9. As regards, activity of undertaking fabrication of steel structures as sub-contractors of Techno Fab and L & T Ltd out of the raw materials of clients, the same was in the nature of job-work activity of production on behalf of clients and as steel structures are excisable goods liable to duty the same was not liable to service tax. It is held in the following decisions that fabrication of steel structures is not liable to service tax under the category of “Erection, Commissioning and Installation”:

(a) Hazi Ap Bava & Co v CCE – 2014 (33) STR 470, Swift Engineers v CGST – 2019 (8) TMI 826,

(b) Jagat Jeet Engineers v CST – 2018 (7) TMI 1791, Plus Tech Engineering P. Ltd v CCE – 2015 (39) STR 454,

(c) Neo Structo Construction Ltd v CCE – 2010 (19) STR 361.

10. He submitted that assuming that the aforesaid job work activity of production amounts to rendering of service, it would at best be Business Auxiliary Service covered under Section 65 (19) (v) of Finance Act 1994, which, was exempted by Notification No.8/2005-ST dated 1-3-2005. He pointed out by referring from the appeal papers that Techno Fab had by their letter specifically instructed the Appellants not to charge service tax for that reason. He submitted that the Commissioner has wrongly held that Appellants have not submitted documentary evidence in support of contention based on Notification No.8/2005-ST. It is not in dispute that the production was done with materials of the clients at their site and therefore Notification No.8/2005-ST is satisfied. Even if the said exemption is to be held to be inadmissible there is no demand for Service tax in the Show Cause Notice under the category of Business auxiliaryservice. The demand in the Show Cause Notice is under Erection, Commissioning or Installation, which is clearly not tenable in law.

11. As regards, fabrication of Hulls/ Parts of body of Ships, etc for ABG Shipyard Ltd, he submitted that the same was not undertaken by Appellant and in any event, the same is liable to service tax under “Erection, Commissioning or Installation”, that it is an admitted position in the Show Cause Notice that the Annual reports of the Appellant do not show any receipt of any amount from ABG Shipyard Ltd. This clearly shows that Appellant has not undertaken any fabrication work for ABG Shipyard. The Show Cause Notice has demanded service tax from the Appellant on payments made by ABG Shipyard to a firm other than the Appellant, having the same name as the Appellant. He pointed out from the records that Form 16A issued by ABG Shipyard shows payment to M.K. Enterprise with PAN AACPZ5313R, which is not PAN of the Appellants’ proprietor; that the Commissioner, in his findings has not rebutted this aspect. In any event, fabrication of Hulls/ Parts of body of Ships, etc is manufacture of exciseable goods on job work basis out of the materials of the clients and can by no stretch of imagination be called Erection, Commissioning or Installation of Plant, Machinery or Equipment or Structures.

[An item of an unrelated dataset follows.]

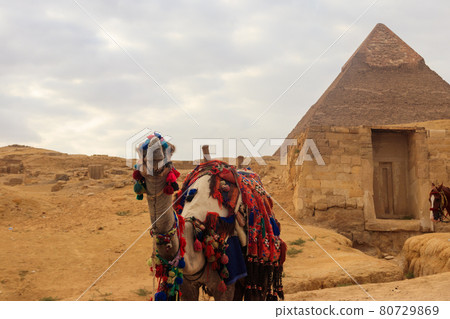 Camel on the Giza pyramid background Camel on the Giza pyramid background 80729869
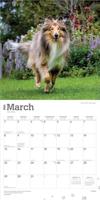 Schotse Herder / Collie Kalender 2026 - thumbnail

12. Learned counsel for the appellant further submitted that the Show Cause Notices dated 21-4-2010 demands Service tax for the period October 2004 to March 2009, which is time barred as the same covers the period beyond the limitation period of “one year” specified in Section 73 (1) of the Finance Act, 1994. He submitted that the larger period of limitation of 5 years specified in the Proviso to said Section 73 (1) is inapplicable in the present case as there is no fraud, collusion, wilful mis-statement, suppression of facts or contravention with intent to evade payment of service tax, that there is no clandestine activity and complete records have been maintained in normal course of the activity undertaken by the Appellants. He submitted that the non-payment of service tax is on account of the belief that no service tax was payable in respect of the activities undertaken by the Appellants; that the very fact that various decisions of Tribunal referred to herein above have also held that no service tax is payable on activities such as those undertaken by the Appellants, itself shows that the Appellants’ belief was reasonable and bona fide. That it is settled law that where complete records are maintained and there is no clandestine activity and where non-payment of service tax is on account of bona fide belief that no service tax was payable, the larger period of limitation cannot apply. He relied upon the following judgements in this behalf: Steelcast Ltd v CCE – 2009 (14) STR 129 (upheld in 2011 (21) STR 500),

(a) Religare Securities Ltd v CST – 2014 (36) STR 937,

(b) Lanxess Abs Ltd v CCE – 2011 (22) STR 587

(c) K.K. Appachan v CCE – 2007 (7) STR 230.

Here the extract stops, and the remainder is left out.